* Stored items from a collection:
<<<<

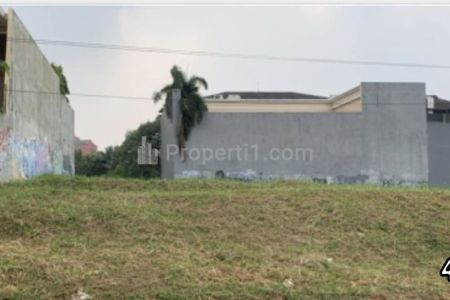 Jual Tanah Kavling Luas 576 m2 di Jalan Duta Permai Pondok Indah Jakarta Selatan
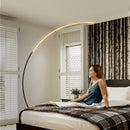 Axyaa Remote Floor Lamp Vertical Desk Lamp Minimalist Designer Light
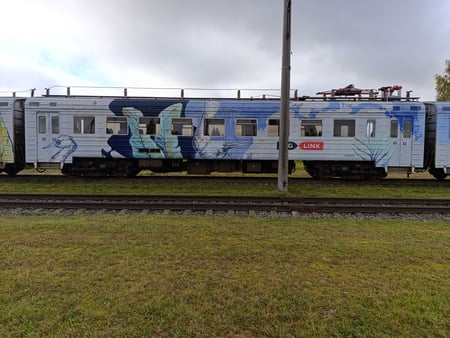 ELEKTRINIŲ TRAUKINIŲ ER9M VAGONAI (parduodami komplekte)/ ELECTRIC TRAIN ER9M (sold as a set)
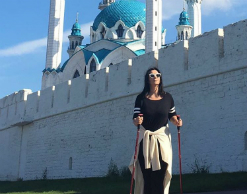 Екатерина Стриженова сбросила пять килограммов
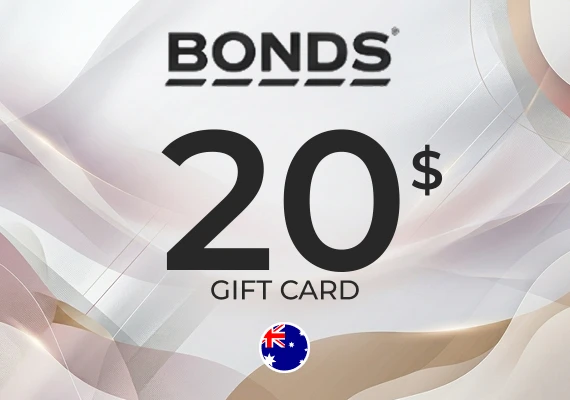 Bonds Gift Card 20 AUD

>>>>

* Directions:
Your answer must be an exact copy of the records above, with every picture left out.

* Written solution:
 Jual Tanah Kavling Luas 576 m2 di Jalan Duta Permai Pondok Indah Jakarta Selatan
 Axyaa Remote Floor Lamp Vertical Desk Lamp Minimalist Designer Light
 ELEKTRINIŲ TRAUKINIŲ ER9M VAGONAI (parduodami komplekte)/ ELECTRIC TRAIN ER9M (sold as a set)
 Екатерина Стриженова сбросила пять килограммов
 Bonds Gift Card 20 AUD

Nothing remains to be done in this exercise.